現代小説と寺院絵画~幽霊画の伝承をてがかりに~(2/2ページ)
京都精華大教授 堤邦彦氏
元旦にはなはだふさわしくない不吉な出来事は、国許の妻の身に何か良からぬことが起きた凶兆ではあるまいかと、侍は気が気ではなかった。ところが、運悪くこの年は例年にない大雪で飛脚の往来もままならず、ひとり故郷を案じながら不安な日々を過ごすほかなかった。

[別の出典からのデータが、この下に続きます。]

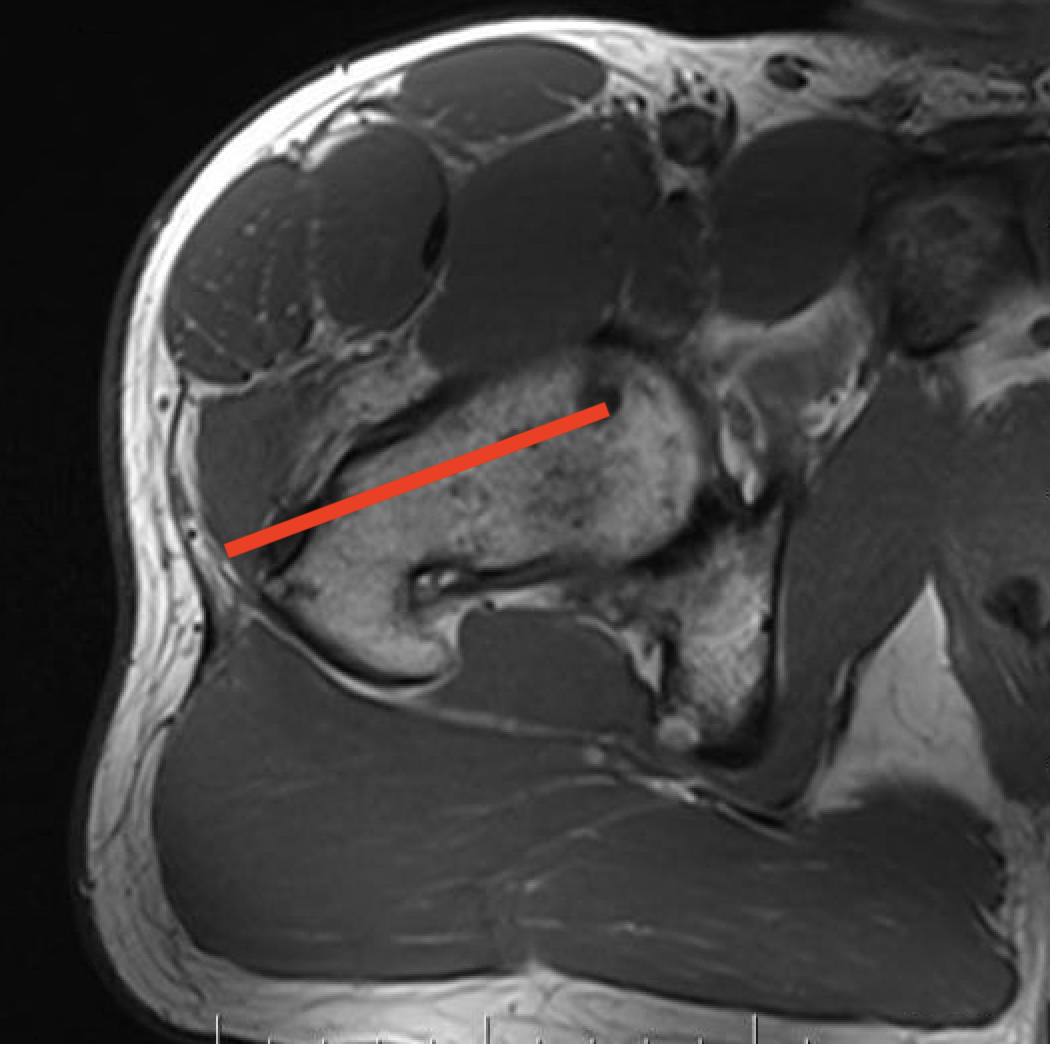 Fem neck biopsy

ある晩のこと、夢の枕に凄まじい形相の妻が幽鬼のようないでたちで現れ出るにおよんで、伊左衛門はもはやただごとではないと直感した。はたして16日になって国許から悪い知らせがとどく。元日の朝、正月の雑煮を祝おうとした妻が急死したのだ。しかもその刻限は伊左衛門が画幅を斬った、ちょうどその時であった。
まさに不思議千万というほかない。
かくして伊左衛門は愛妻の幽霊姿を絵に描き懇ろに菩提を弔った。この夫人の法名を「梅香院円室自寒大姉」という。また、この異変ののち、千秋家は正月を迎えても16日までは雑煮を食べないしきたりをかたく守ることとなった。
天保14(1843)年6月8日に伊左衛門が亡くなり、後を嗣いだ千秋三郎兵衛の代になると、座敷に幽霊画があるのは陰気で困るということで、鶴林寺に納めるにいたった。

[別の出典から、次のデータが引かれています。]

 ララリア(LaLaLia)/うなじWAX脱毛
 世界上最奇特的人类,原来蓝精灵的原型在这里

由来書の本文は、幽霊画が鶴林寺の宝物となったことにつづけ「之で話は一段落だが、余話を一つ語らねば完結しない」とことわり、次の奇談に連鎖していく。
偖、三郎兵衛の次が十一代千秋勝左衛門といって此の人は御維新の大変事に出会した。彼は生来の大酒呑であったが、明治七年祖先以来の禅宗をすてて神道になり、寺へも墓へも寄りつかなくなった。

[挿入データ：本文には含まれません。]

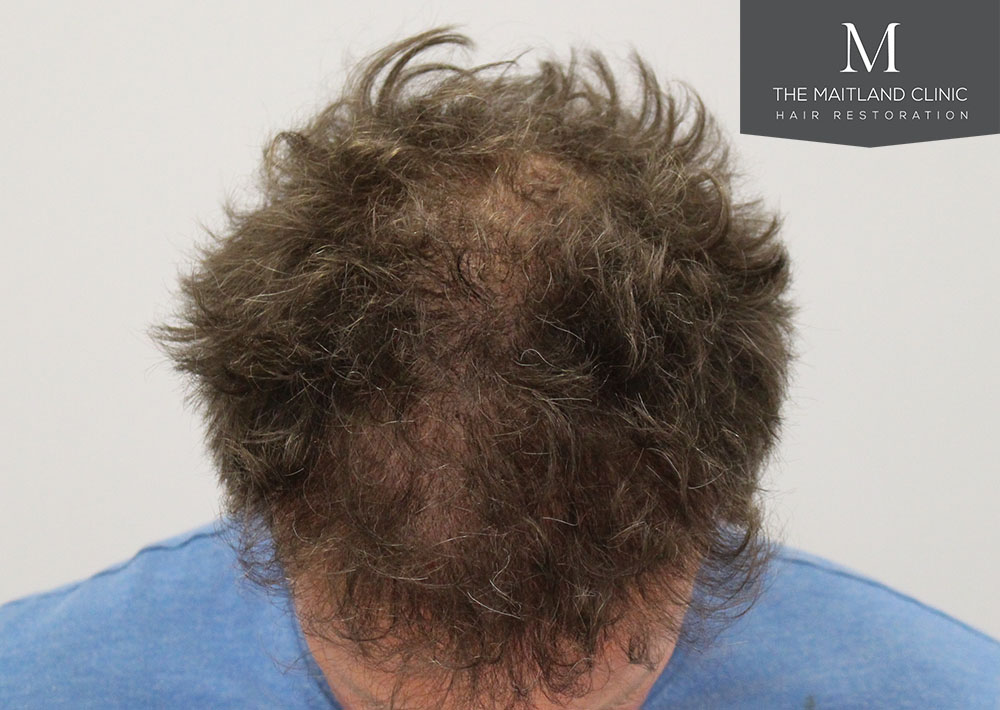 1611 grafts hair transplant repair surgery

其の子が千秋彦次郎、妻は播州姫路生れの者で名をリトといった。
先祖の宗旨を捨てて神道に改宗し累代の墓所に寄りつかなくなった11代勝左衛門――。これ以降、たび重なる不幸が千秋家をおそう。
彦次郎とリトには3人の男子がいた。長男の彦之助は東京に移ったが、関東大震災の後に「神経病」に罹り、「亡霊の為、墓が無い、僕の寺はどこやらなア、金沢へ行きたい」と訳のわからぬ口走りの末に大正14(1925)年7月25日に死去。
次男の彦次は昭和3(1928)年8月に嫁を迎えるが、婚礼の晩に新婦の夢に白縞の単衣を着てハーモニカを持った青年が現れる。その容貌は結婚式の1カ月前に21歳で変死した三男の彦三にそっくりであった。
夫をなくして神戸に暮らしていたリトは、息子二人の夭折と嫁の悪夢を思うにつけても、郷里の菩提寺を粗略にしたことが悔やまれてならない。八方手を尽くし金沢に住んでいた夫の乳母を探しあて、鶴林寺の所在を知ると、さっそく亡き人の骨壷四つを抱いて寺を訪れたのが昭和5(1930)年のこと。六十ばかりになっていたリトは、当時の住職・戸田禅苗に懴悔し、夫や子供、先祖代々の冥福を祈るとともに「幽霊の掛物」をいまの如くに表装しなおして懇ろに供養したという。
さて、千秋家縁故の幽霊画の由来は文化9年正月に起きた伊左衛門寛定と妻の絵の奇談を発端として、子孫たちの行く末をつまびらかにしながら、いまも鶴林寺に寛定夫人の幽霊画が伝存するにいたった因縁を解き明かしておわる。
一方において、幽霊画の所蔵者である鶴林寺サイドの視点に立ってみれば、千秋家のライフヒストリーは別の顔をもつことになる。さまざまな不幸を合縁奇縁とした千秋家の旧寺への回帰と幽霊画の因縁は、死者図祭祀のいわれを如実にものがたる「仏教説話」にほかならない。それは、血族の歴史を仏教唱導者の視座から再構成した縁起伝承といってもよいだろう。
「お盆の時に絵を掛けて読経をします。それ以外は出しません」
現住職・荒井徹成師の言葉に、寺と幽霊画を結ぶ宗教的な意味の本質がみえかくれする。
現代小説と寺院縁起の間に起こる説話の共振――。そうした文化現象もまた、説話研究の一視点となる。